Frob, Lifestyle, 2022. Acrylique / marqueur sur toile, 40 x 120 cm.

Frob: Lifestyle

Lifestyle est une œuvre de Frob, un peintre et sculpteur français contemporain dont le travail combine l'abstraction, le Pop art et le graffiti de manière unique et originale. La juxtaposition de cet artiste avec l'art outsider pourrait être considérée comme farfelue, mais elle semble tout à fait probable si l'on considère L'Hourloupe, une série d'œuvres créées par le père de l'art brut, Dubuffet, à partir du début des années 1960. L'Hourloupe est née de l'inspiration que le maître français a puisée dans un gribouillis réalisé alors qu'il était au téléphone, dans lequel le mouvement fluide de la ligne se combinait à des champs de couleur limités pour créer du dynamisme.
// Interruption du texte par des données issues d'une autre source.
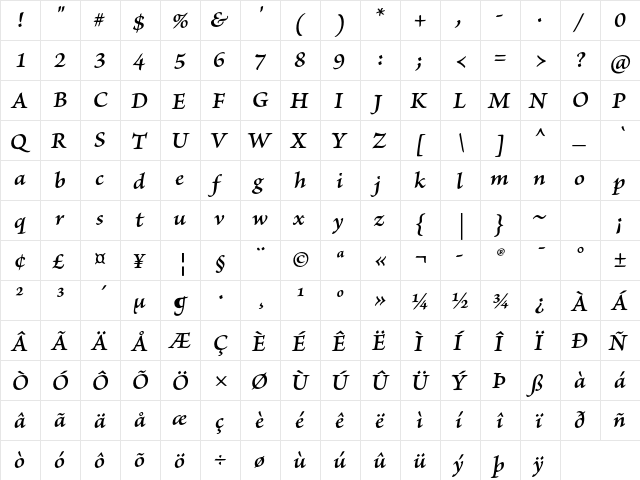 Brioso Pro Semibold Italic Caption  glyph index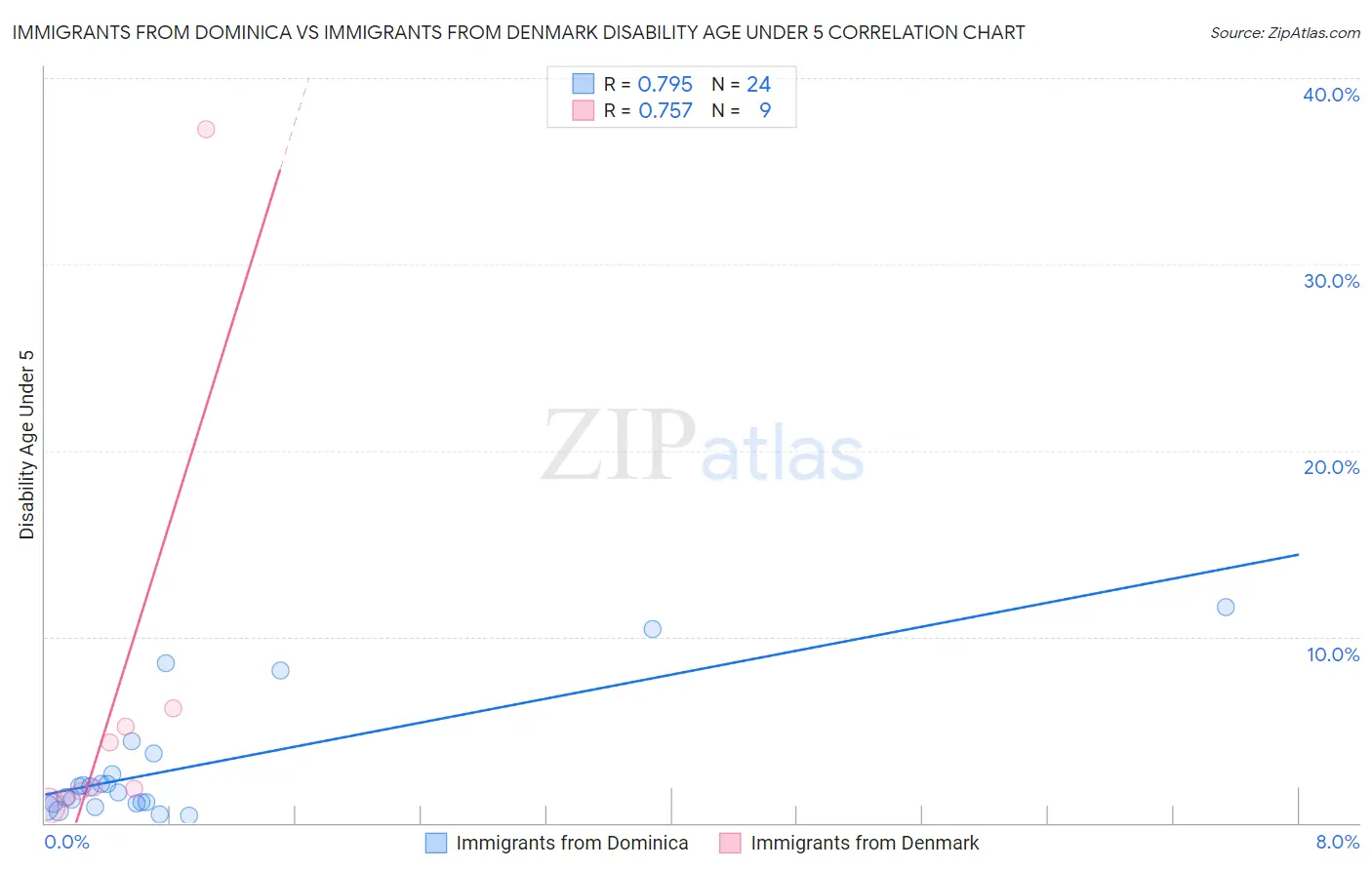 Immigrants from Dominica vs Immigrants from Denmark Disability Age Under 5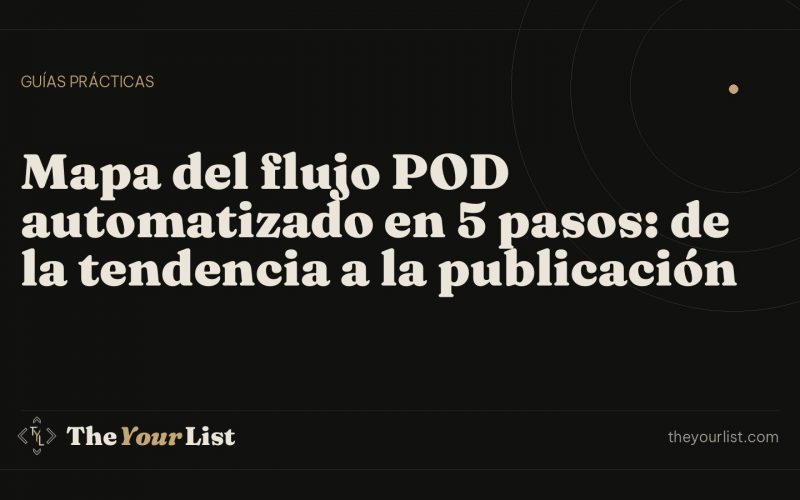 Mapa del flujo POD automatizado en 5 pasos: de la tendencia a la publicación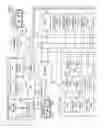Fig. 07 - RECRUITMENT SCREENING TOOL
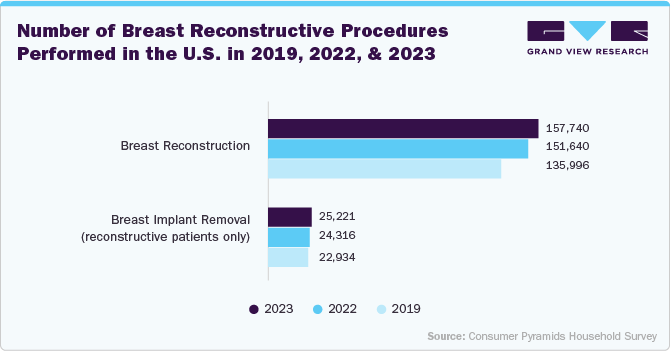 Number Of Breast Reconstructive Procedures Performed In The U.S. in 2019, 2022, & 2023 Number Of Breast Reconstructive Procedures Performed In The U.S. in 2019, 2022, & 2023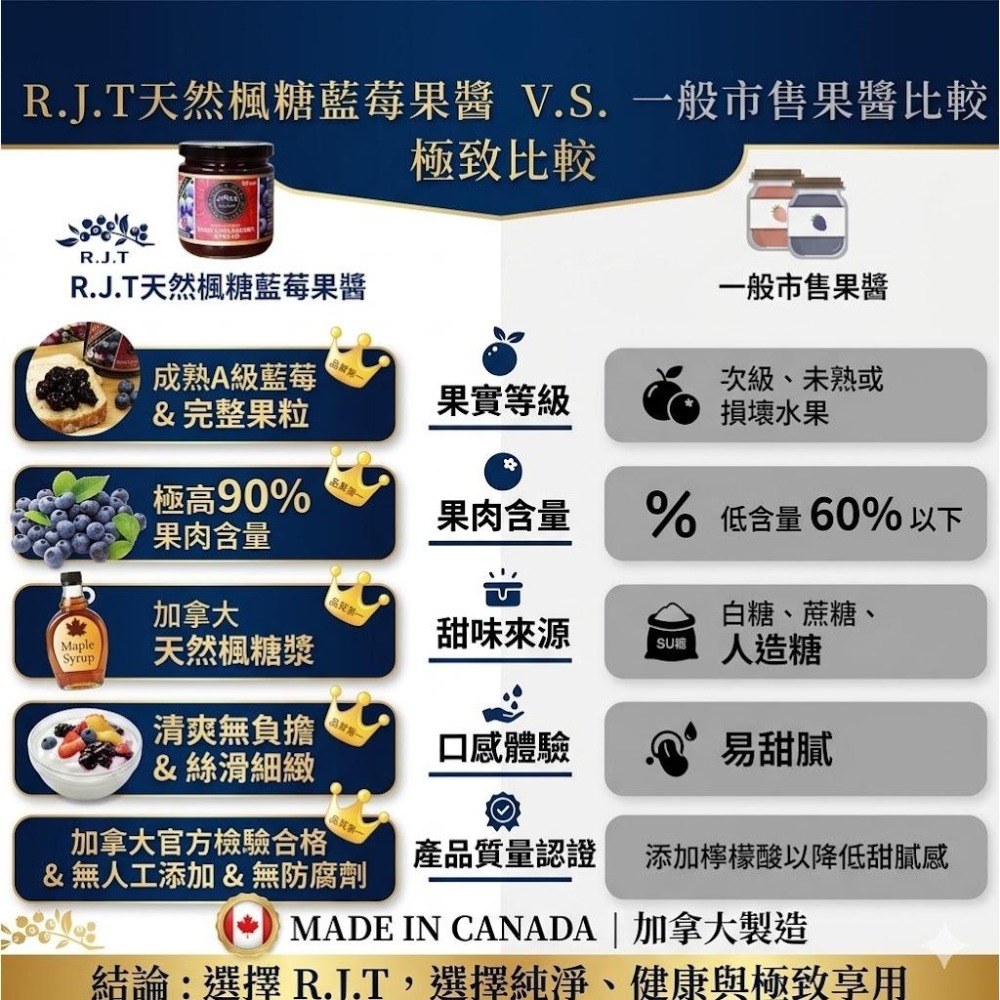 R.J.T 加拿大天然楓糖藍莓果醬 250ml 90%整顆果粒 無添加砂糖 純楓糖  低卡 整罐只有240大卡 高花青素-細節圖4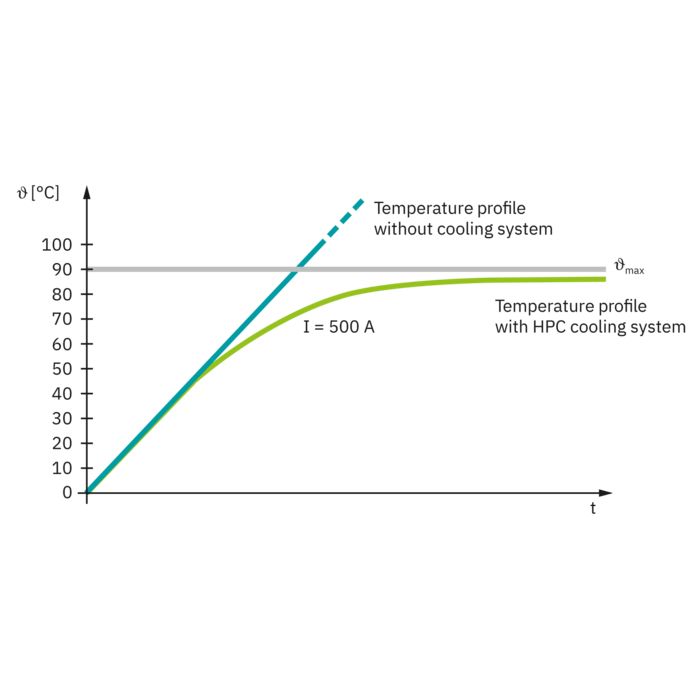 High Power Charging: temperature curve during the charging process with and without cooling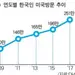 미국 방문 한국인 250만명 돌파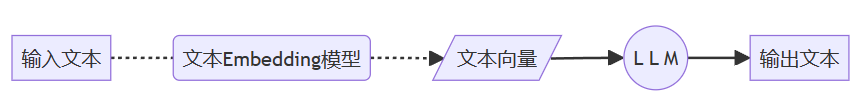 四、XTuner 微调 LLM：1.8B、多模态_配置文件_15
Selon Dubuffet, ce style évoque la manière dont les objets apparaissent instinctivement et inconsciemment dans l'esprit. Dans ce contexte de libre expression des mouvements de l'âme, les lignes et les caractères entrelacés du Lifestyle s'intègrent également bien.
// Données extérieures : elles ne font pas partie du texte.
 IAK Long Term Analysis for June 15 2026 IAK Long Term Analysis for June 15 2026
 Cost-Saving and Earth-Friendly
Hanna Chroboczek, Fillette et petits personnages sur table jaune, 2021. Encre sur papier, 67 x 52 cm.

Hanna Chroboczek: Fillette et petits personnages sur table jaune

Le dessin minutieux de Hanna Chroboczek immortalise une petite fille, qui s'attache à observer, et à diriger, les jeux de petits personnages disposés sur un bureau. Cette œuvre, poétique et pleine de fantaisie, réalisée à l'encre et au feutre, résume bien la recherche figurative très personnelle de l'artiste, caractérisée le plus souvent par la présence de femmes, ou de petites filles, qui, dans des situations quotidiennes, apparaissent extrêmement douces et adorables. Pour en revenir à Fillette et petits personnages sur table jaune, le visage légèrement déformé du protagoniste et le jeu de couleurs noir, blanc et jaune semblent rappeler l'emblématique Dream, un dessin du célèbre représentant de l'art brut Vojislav Jakić. C'est précisément ce dernier chef-d'œuvre qui se caractérise par une présentation stylisée, dans laquelle se multiplient des figures masculines similaires, accompagnées d'animaux et d'autres petits personnages, immergés dans un fond jaune chatoyant.